ASSIGNMENT: Find the line with "For Rent: $5,350". Repeat it and each line after it, exactly, down to the end of the records below.

Collection entries
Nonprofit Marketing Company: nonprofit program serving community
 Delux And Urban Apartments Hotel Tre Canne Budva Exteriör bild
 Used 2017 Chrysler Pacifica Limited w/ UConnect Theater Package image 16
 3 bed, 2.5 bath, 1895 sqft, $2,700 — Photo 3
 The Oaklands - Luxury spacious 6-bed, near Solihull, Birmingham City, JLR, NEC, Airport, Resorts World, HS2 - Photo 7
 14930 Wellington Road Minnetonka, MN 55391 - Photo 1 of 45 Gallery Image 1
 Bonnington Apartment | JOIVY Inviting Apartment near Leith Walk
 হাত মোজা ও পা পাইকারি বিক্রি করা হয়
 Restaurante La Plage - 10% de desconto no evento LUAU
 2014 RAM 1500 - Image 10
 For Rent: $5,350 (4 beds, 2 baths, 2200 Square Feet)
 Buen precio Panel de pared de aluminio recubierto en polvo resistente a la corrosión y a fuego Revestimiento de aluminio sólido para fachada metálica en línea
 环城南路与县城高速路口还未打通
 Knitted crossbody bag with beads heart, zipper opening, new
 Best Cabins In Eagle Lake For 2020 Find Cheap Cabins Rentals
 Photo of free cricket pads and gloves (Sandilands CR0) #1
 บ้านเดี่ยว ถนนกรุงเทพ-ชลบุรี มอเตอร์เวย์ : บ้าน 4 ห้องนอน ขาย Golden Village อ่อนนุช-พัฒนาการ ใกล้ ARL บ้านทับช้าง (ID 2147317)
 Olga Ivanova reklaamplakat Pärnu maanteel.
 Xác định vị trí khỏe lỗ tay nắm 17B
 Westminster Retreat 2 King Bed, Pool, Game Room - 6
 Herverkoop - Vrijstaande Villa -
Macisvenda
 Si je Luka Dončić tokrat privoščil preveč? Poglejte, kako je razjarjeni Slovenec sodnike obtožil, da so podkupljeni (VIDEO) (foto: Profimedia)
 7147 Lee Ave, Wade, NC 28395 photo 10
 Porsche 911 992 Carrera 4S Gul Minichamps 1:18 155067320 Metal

REPLY:
 For Rent: $5,350 (4 beds, 2 baths, 2200 Square Feet)
 Buen precio Panel de pared de aluminio recubierto en polvo resistente a la corrosión y a fuego Revestimiento de aluminio sólido para fachada metálica en línea
 环城南路与县城高速路口还未打通
 Knitted crossbody bag with beads heart, zipper opening, new
 Best Cabins In Eagle Lake For 2020 Find Cheap Cabins Rentals
 Photo of free cricket pads and gloves (Sandilands CR0) #1
 บ้านเดี่ยว ถนนกรุงเทพ-ชลบุรี มอเตอร์เวย์ : บ้าน 4 ห้องนอน ขาย Golden Village อ่อนนุช-พัฒนาการ ใกล้ ARL บ้านทับช้าง (ID 2147317)
 Olga Ivanova reklaamplakat Pärnu maanteel.
 Xác định vị trí khỏe lỗ tay nắm 17B
 Westminster Retreat 2 King Bed, Pool, Game Room - 6
 Herverkoop - Vrijstaande Villa -
Macisvenda
 Si je Luka Dončić tokrat privoščil preveč? Poglejte, kako je razjarjeni Slovenec sodnike obtožil, da so podkupljeni (VIDEO) (foto: Profimedia)
 7147 Lee Ave, Wade, NC 28395 photo 10
 Porsche 911 992 Carrera 4S Gul Minichamps 1:18 155067320 Metal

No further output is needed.